Action item:
Leave the pictures out, and transcribe the material below exactly from the line with "Photo of the" to the line with "Feng Shui Lucky", both lines included.

Dataset extract:
#####

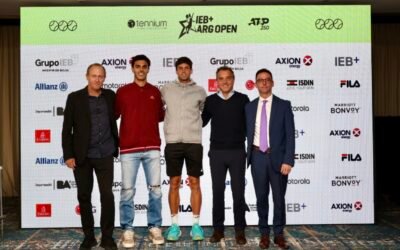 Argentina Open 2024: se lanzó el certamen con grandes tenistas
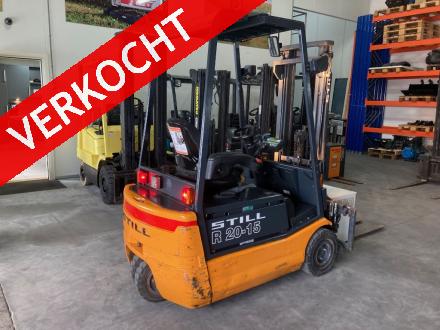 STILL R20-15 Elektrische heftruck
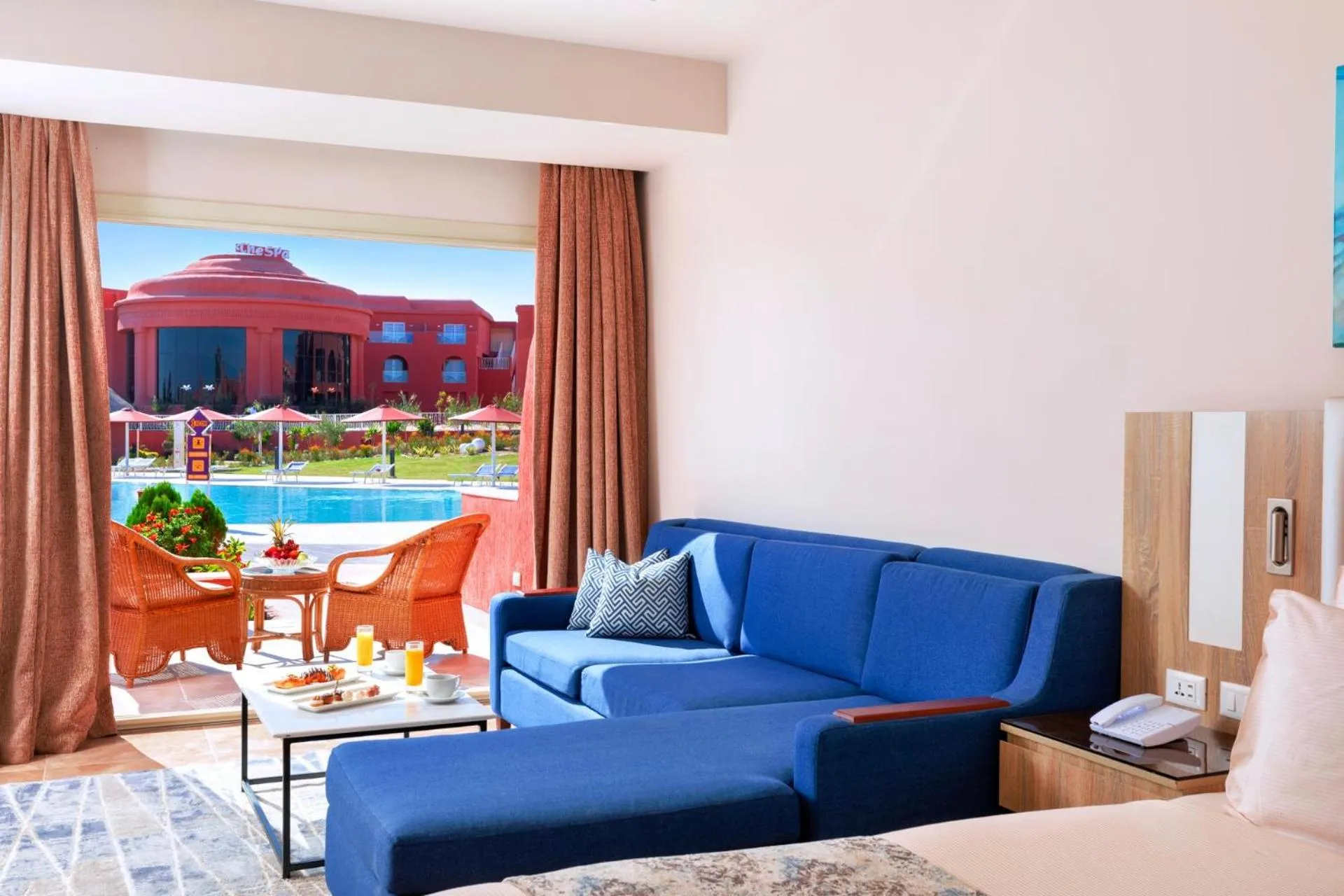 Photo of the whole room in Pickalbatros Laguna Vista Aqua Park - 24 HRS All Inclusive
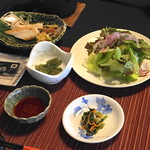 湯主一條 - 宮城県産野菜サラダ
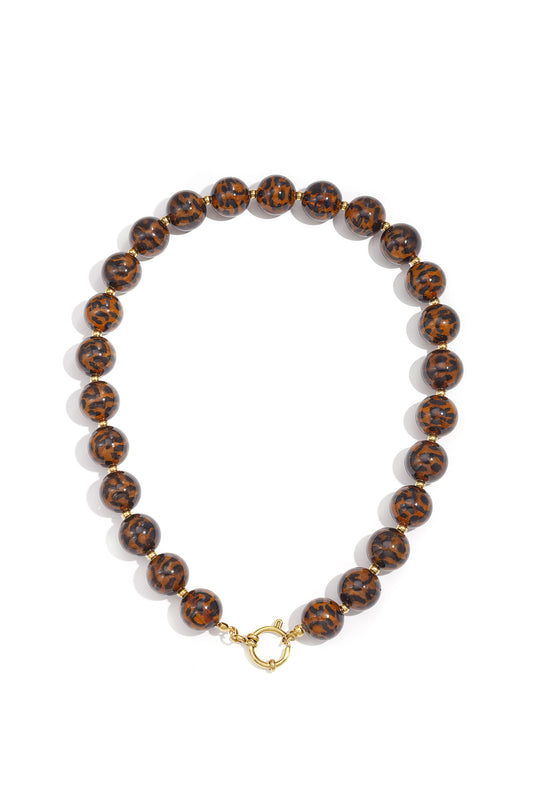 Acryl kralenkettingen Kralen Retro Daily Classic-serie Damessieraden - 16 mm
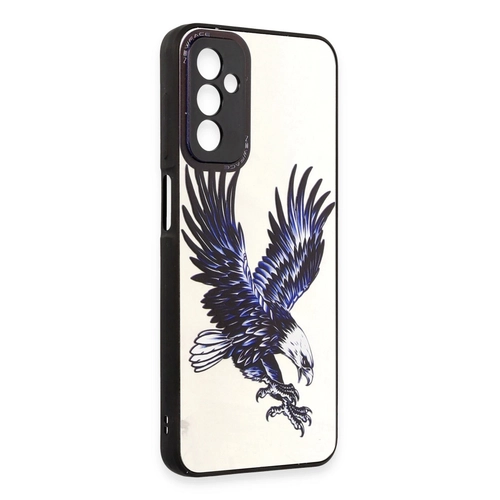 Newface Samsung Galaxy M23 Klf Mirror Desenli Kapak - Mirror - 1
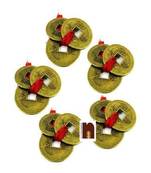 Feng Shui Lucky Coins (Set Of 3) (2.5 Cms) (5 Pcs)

#####

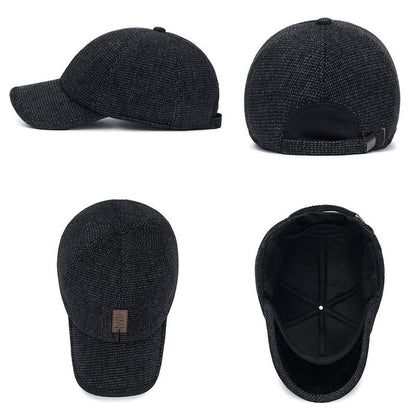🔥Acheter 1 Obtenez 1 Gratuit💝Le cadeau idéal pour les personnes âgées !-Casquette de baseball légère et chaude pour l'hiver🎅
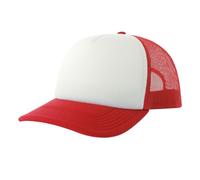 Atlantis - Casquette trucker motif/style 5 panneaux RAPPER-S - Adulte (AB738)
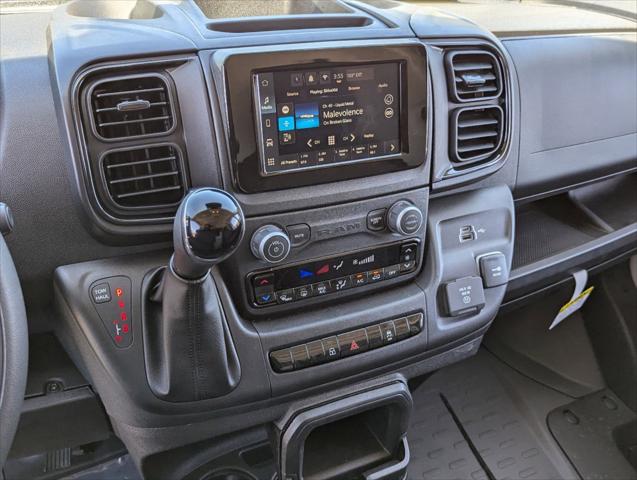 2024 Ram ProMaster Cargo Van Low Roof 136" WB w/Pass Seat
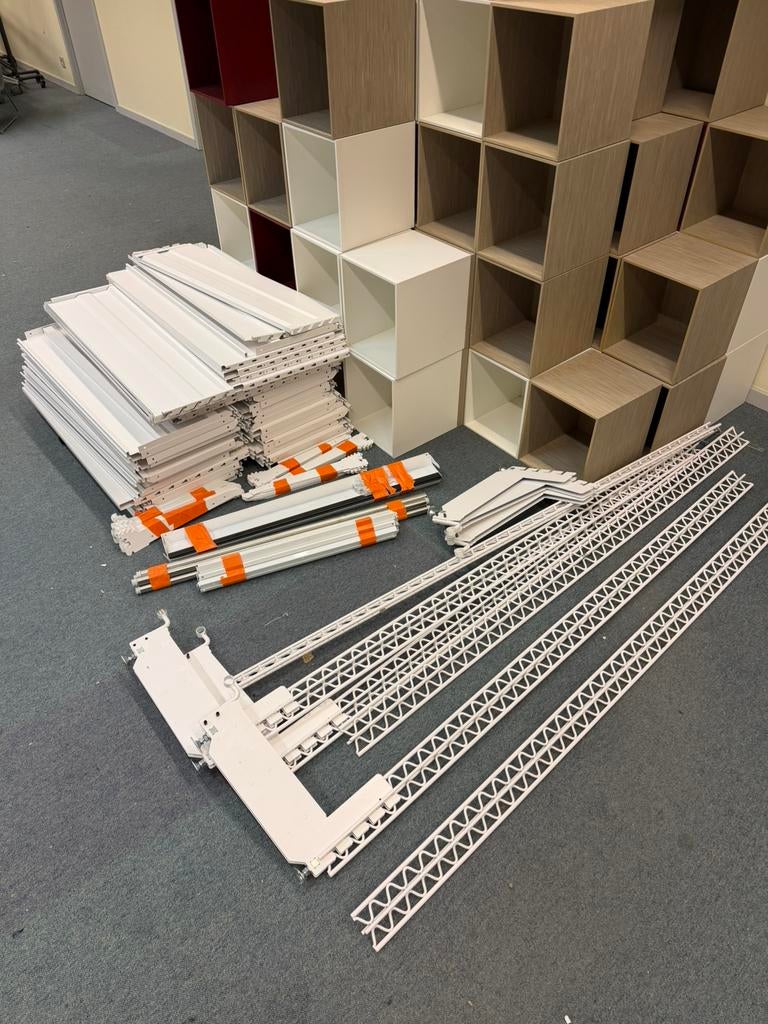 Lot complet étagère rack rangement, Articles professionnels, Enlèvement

#####

Your solution:
 Photo of the whole room in Pickalbatros Laguna Vista Aqua Park - 24 HRS All Inclusive
 湯主一條 - 宮城県産野菜サラダ
 Acryl kralenkettingen Kralen Retro Daily Classic-serie Damessieraden - 16 mm
 Newface Samsung Galaxy M23 Klf Mirror Desenli Kapak - Mirror - 1
 Feng Shui Lucky Coins (Set Of 3) (2.5 Cms) (5 Pcs)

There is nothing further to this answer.